Standing at the podium on that chilly day in January 2013, facing an endless sea of humanity silent and waiting, and with the most powerful leaders of America seated onstage behind him, Richard Blanco feels that what he is about to read is his “ gift to America.” The purpose of his Inaugural Poem, he states, is to “transcend politics and envision a new relationship between all Americans….I wanted America to embrace itself and…feel how we are all an essential part of one whole.”
He succeeds, as thousands of letters show him in the days and months to come, and people’s reactions at his subsequent readings, signings, interviews, and travels demonstrate.

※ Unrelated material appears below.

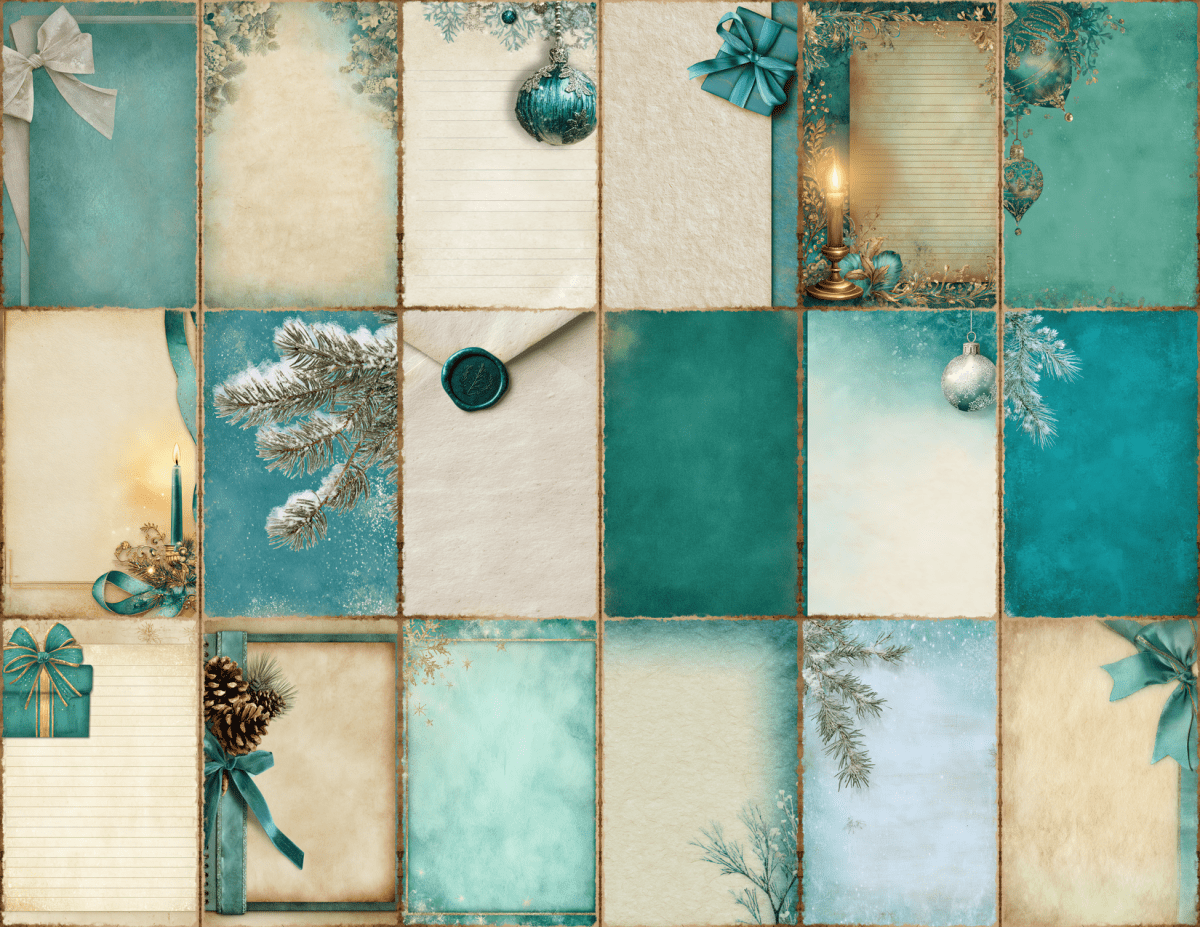 Teal Christmas Journal Pages All Bundles Journal Pages new bundles all - WondersArtist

His message in One Today resonated across the land.
A New Mission: Poetry As A Force In Society
Blanco realizes after the inauguration that his life will never be the same again. “The days ahead proved to be abruptly life changing,” he writes (p. 75), “filled with unexpected experiences and realizations that were…unique parts of my journey as inaugural poet.” Always concerned that poetry in America is not “part of our cultural lives and conversations; part of our popular folklore as with film, music, and novels” (p. 101), Blanco fondly recalls children’s elation at his poetic readings throughout years of sharing his poetry with them. He must build on this.

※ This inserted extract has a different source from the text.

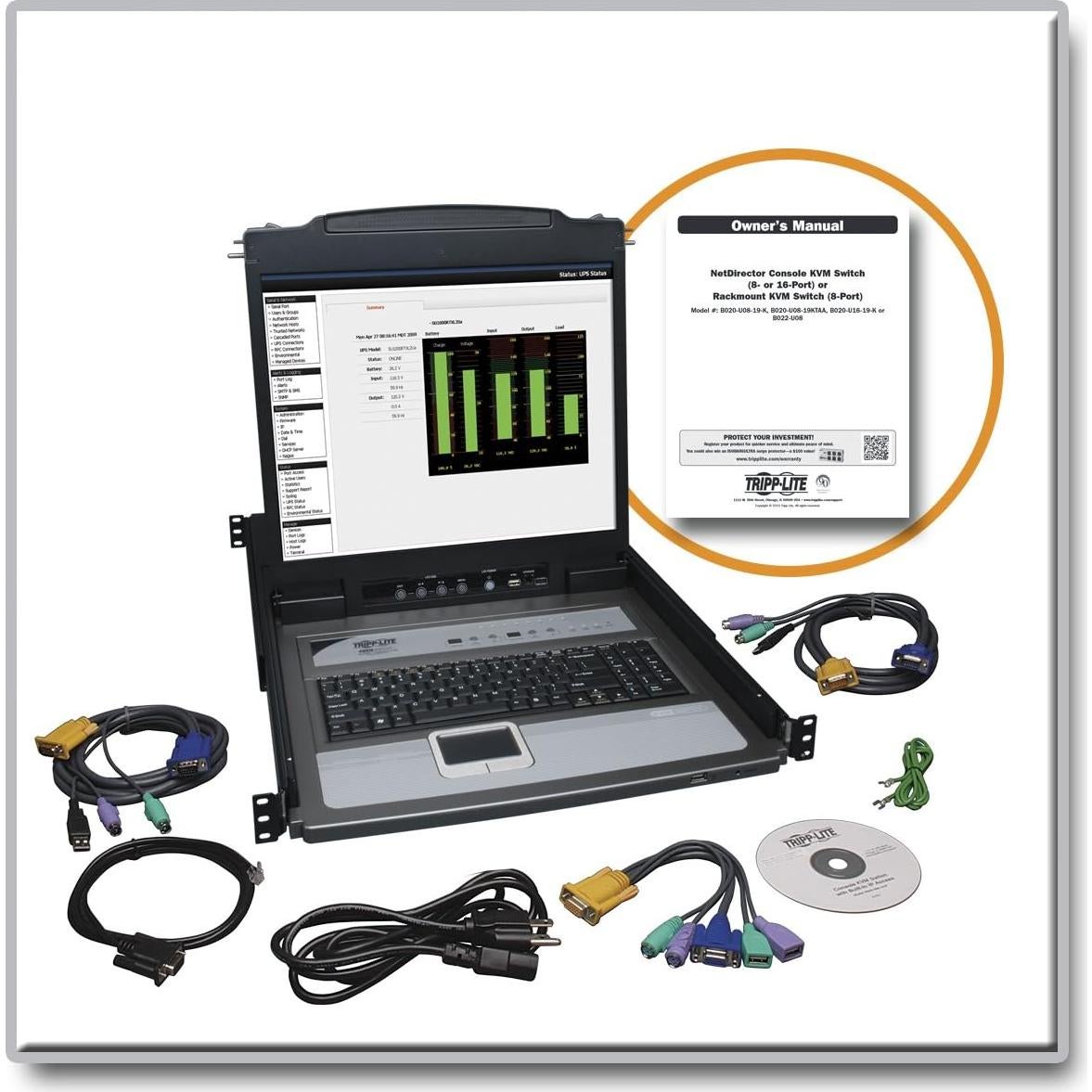 Interruptor KVM Tripp Lite B020-U08-19-K 8 Puertos LCD 19"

Touched deeply by people’s reaction to One Today, Blanco relishes the publicity and nationwide exposure that envelops him, sensing a mandate from the people. He states: “The messages from my country speak clearly to me of the great potential and hope for poetry in America… to keep connecting America with poetry and reshape how we think about it….to explore how I can empower educators to teach contemporary poetry and foster a new generation of poetry readers” (p. 102).
On Blanco’s return trip home, he felt “a responsibility to dare and dream up a new chapter that will rekindle poetry into a continuing American folklore–a folklore that would include the stories of gay America, Latino America, and immigrant America–everyone’s America” (p. 108). He envisions a resurgence of poetry as a magnificent vehicle “to continue writing together until we are not just one today, but one every day” (p. 108).
If anyone can do this, Richard Blanco can. With his keen intelligence, egalitarian heart, boundless love for his fellow human beings, and a disciplined, devoted poetic soul—all of which gently suffuse his memoir — Blanco shows us that he has the gifts to do this. It’s not immodesty on his part that has convinced us, but rather his modesty and commitment to digging for truth and authenticity. Let us hope his journey promoting poetry for the sake of enriching our lives is long and successful.
[Blanco’s two other poems submitted for consideration were “What We Know of Country” and “Mother Country.” These are both included in his memoir.]